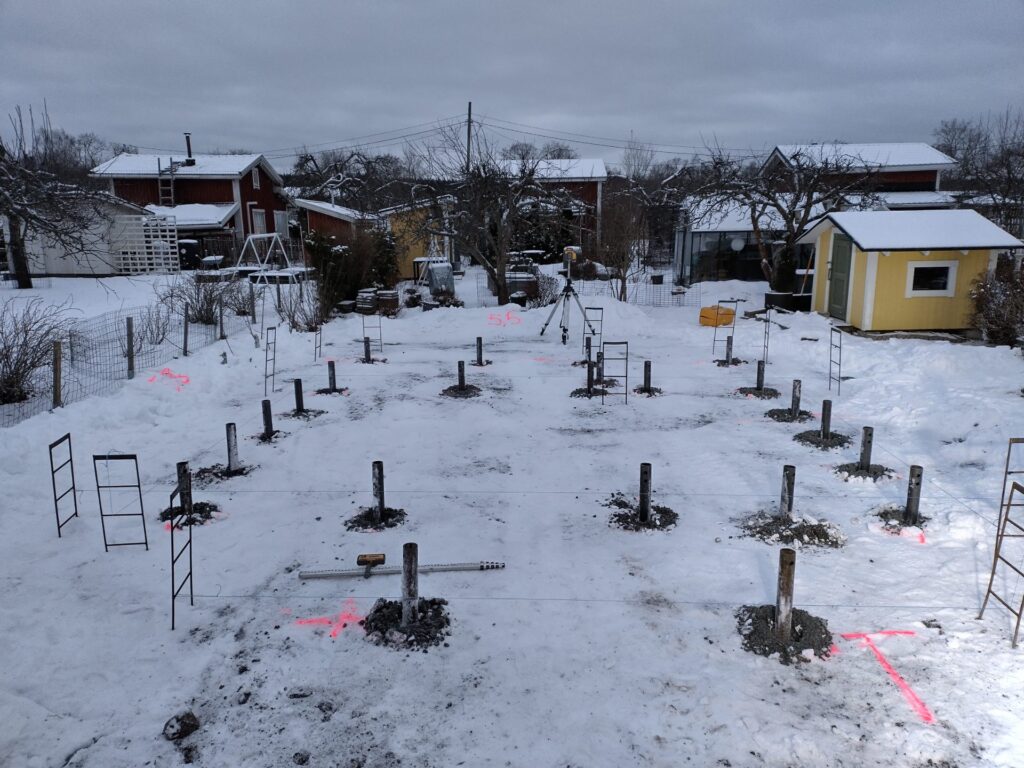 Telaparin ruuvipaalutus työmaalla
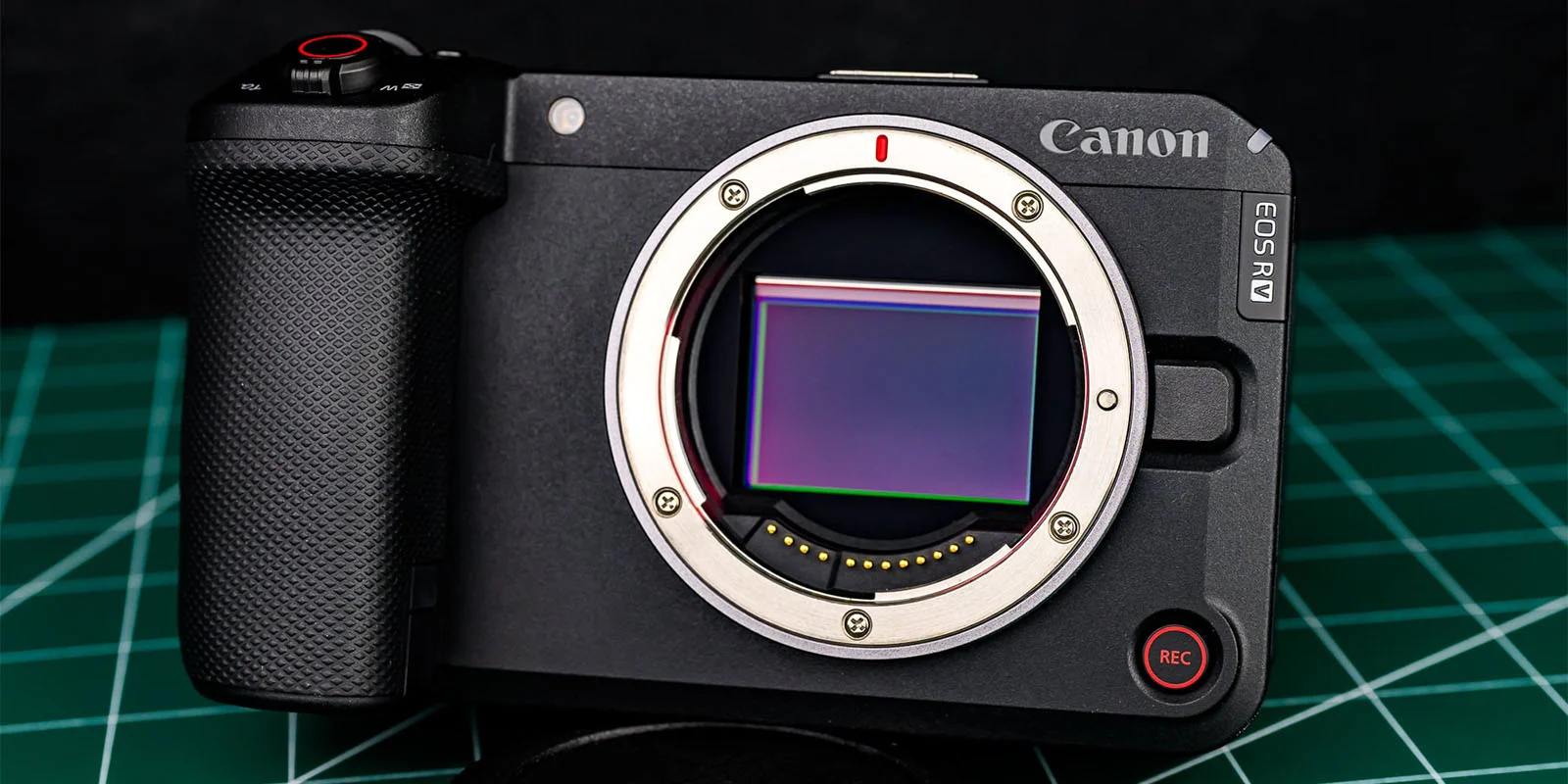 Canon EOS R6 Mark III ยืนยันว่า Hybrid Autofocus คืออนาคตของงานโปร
──────────
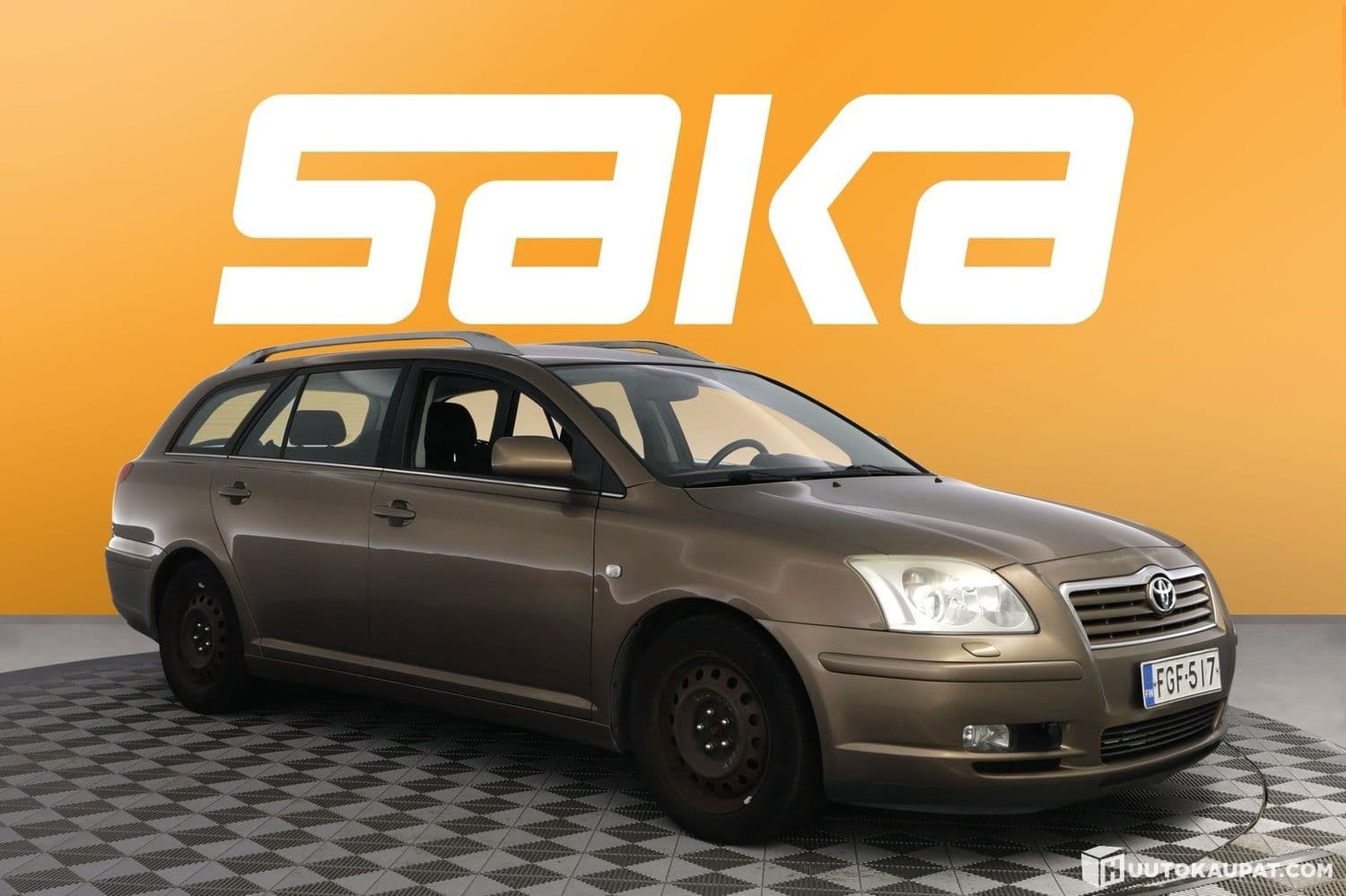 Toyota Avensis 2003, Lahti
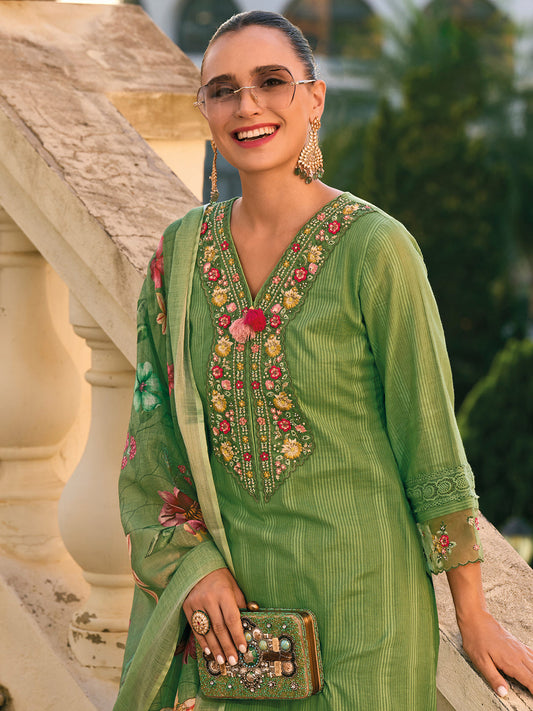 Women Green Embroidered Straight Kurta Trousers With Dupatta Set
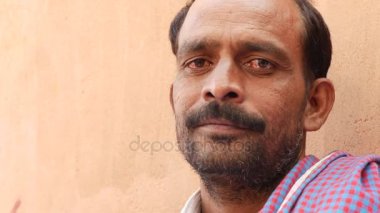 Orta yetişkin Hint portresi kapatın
──────────
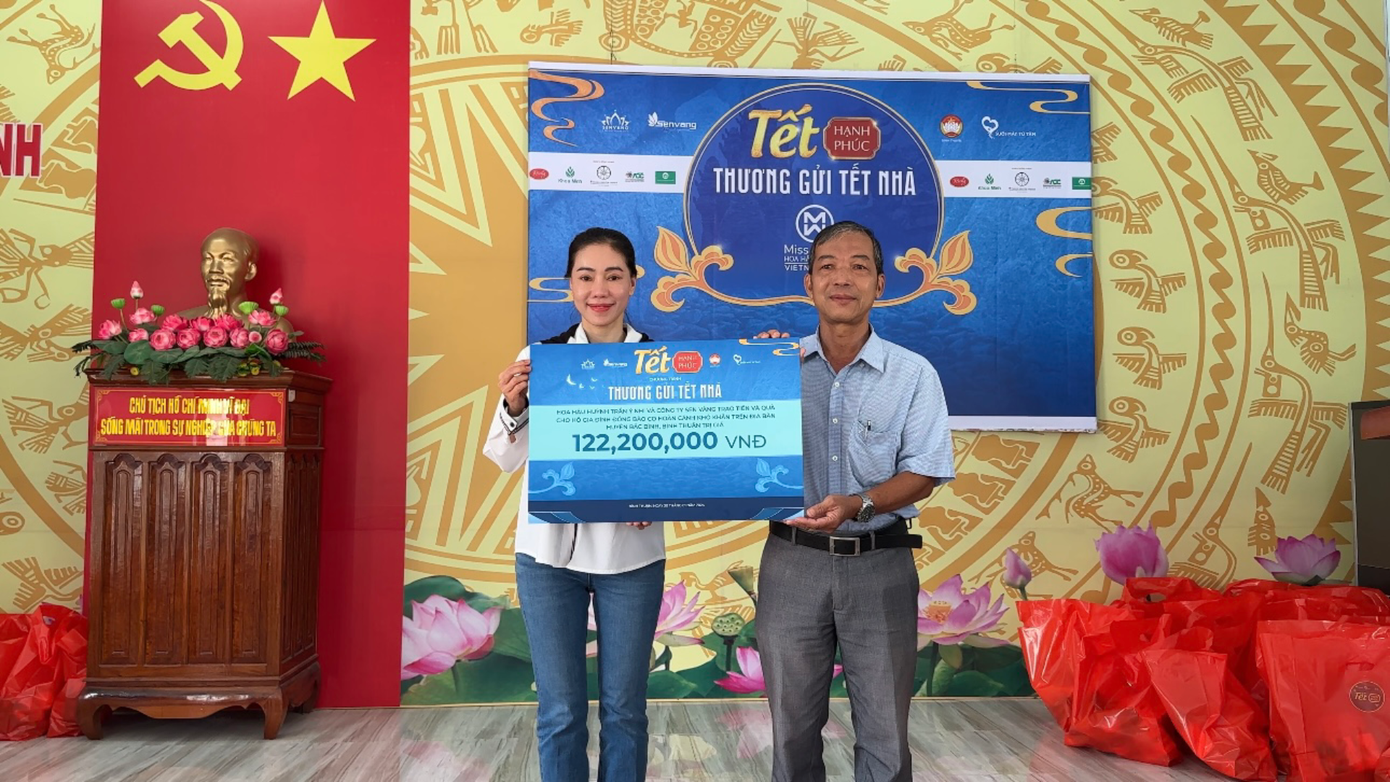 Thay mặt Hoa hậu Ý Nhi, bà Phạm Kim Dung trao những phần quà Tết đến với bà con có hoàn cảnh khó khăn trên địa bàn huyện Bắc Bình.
──────────
Task requirements: In the listing above, find the line with "Women Green Embroidered" and the line with "Orta yetişkin Hint portresi kapatın". Copy exactly those lines and all between them, minus the images.

Written response:
 Women Green Embroidered Straight Kurta Trousers With Dupatta Set
 Orta yetişkin Hint portresi kapatın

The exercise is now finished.